By 2050, these tools could become standard in supporting older adults to live independently, with data shared securely between patients, carers and clinicians. Early pilot schemes in South East London have shown reductions in hospital admissions and improved satisfaction among users (ONS, 2021). Robust data-governance frameworks and transparent oversight will be essential to maintain public trust and protect privacy as these systems expand.
Ultimately, the power of data lies not just in collecting it but in sharing it meaningfully. We need to work across the council to continue developing open dashboards that present key indicators — life expectancy, physical activity, air quality — in accessible formats (Department for Transport, 2025). When residents can see and understand the data that shapes their environment, they become partners in improving it.

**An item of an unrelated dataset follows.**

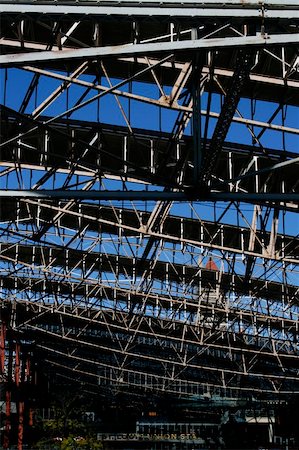 simsearch:400-04671558,k - Looking at the blue sky through the roof of Union Station in St. Louis Missouri Foto de stock - Super Valor sin royalties y Suscripción, Código: 400-04948353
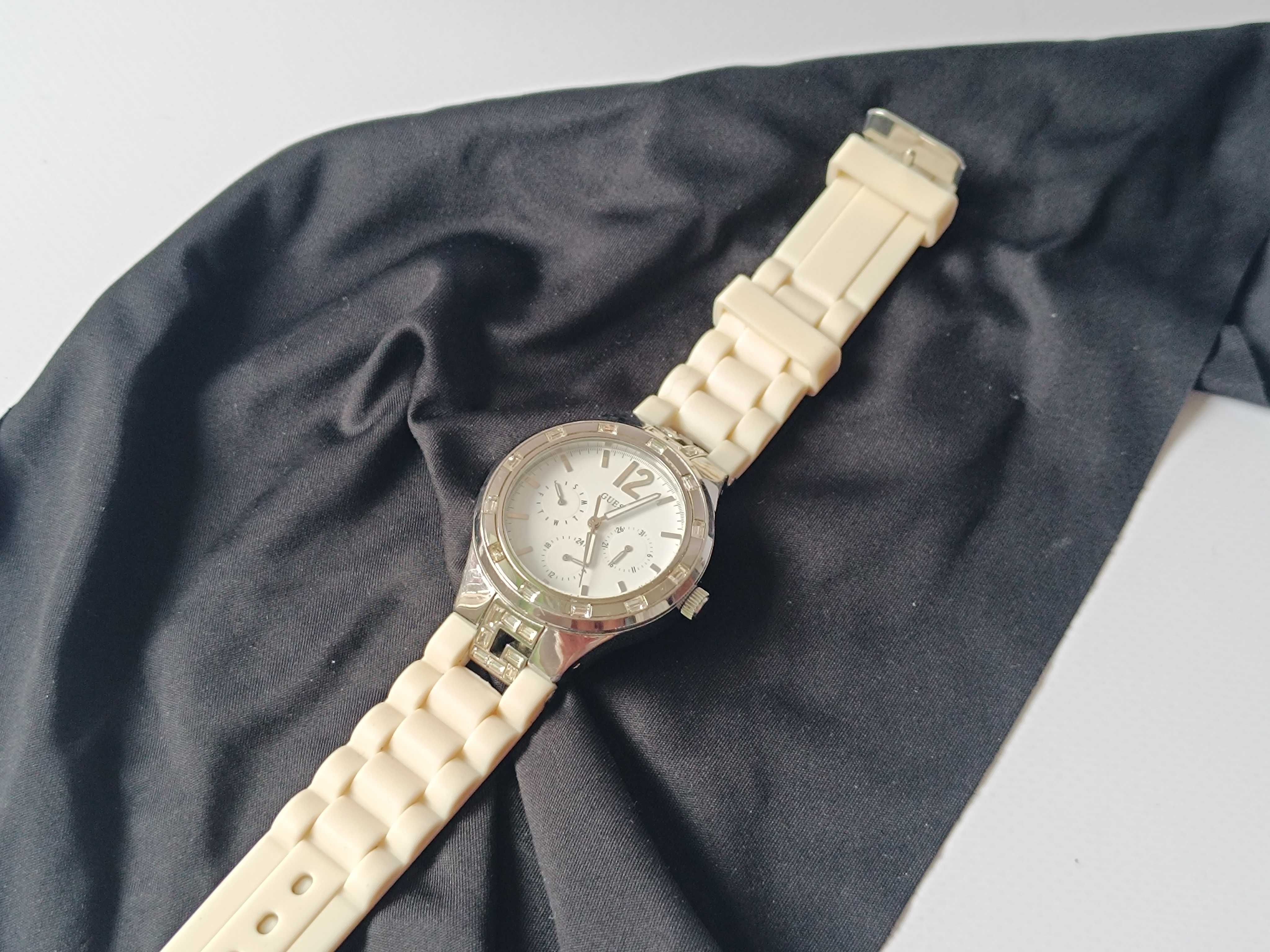Наручные часы Guess рабочие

By 2050, a healthy and prosperous Bexley could be recognised by several defining features. Every employer would view wellbeing as a cornerstone of success. Regeneration projects would design out inactivity and isolation. Data and artificial intelligence would guide early intervention and equitable service delivery. All residents, regardless of income or age, would have the digital skills and confidence to manage their own health. And prosperity itself would be measured not only in economic output but in the years of healthy, fulfilling life enjoyed by the people who call Bexley home.
Realising this vision will demand consistent partnership across sectors—local government, the NHS, voluntary organisations, education, and business. Above all, it will require a cultural shift: seeing health not as a separate agenda but as the foundation of everything we hope to achieve by 2050. In that future, prosperity and wellbeing will be one and the same.